Its bad bro but who knew I was so talented?


----------



## treemandan (Apr 25, 2009)

Oh yeah, Bokowski. Its been awhile, depressed the crap out ya.


----------



## arbadacarba (Apr 25, 2009)

"Trees of North America" by Alan Mitchell. It has just about all you asked for!


----------



## Chris Crouse (Dec 20, 2010)

Anyone have any more suggestions on field guides for trees? I am checking as many out from my library as I can find to try and figure out which I'd like to buy.


----------



## jefflovstrom (Dec 21, 2010)

Trees of North America and Europe. Roger Phillips.

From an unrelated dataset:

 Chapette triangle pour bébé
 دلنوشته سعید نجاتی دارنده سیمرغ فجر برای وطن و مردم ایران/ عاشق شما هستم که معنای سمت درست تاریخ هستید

Most excellent.
Jeff


----------



## Chris Crouse (Dec 21, 2010)

Thanks


----------



## Shawn Howard (Dec 25, 2010)

National Wildlife Federation:

"Field Guide to Trees of North America"

It has all the requirements you listed with really good pictures and ID tips.
(and a waterproof cover)

It is field guide size but not pocket size - well, it would fit in a cargo pocket... 

The smaller ones aren't nearly as useful to me.

The regional ones are usually smaller.
"Trees of Minnesota" has been handy for me. 
It's only natives but that's 99% of what I encounter.


----------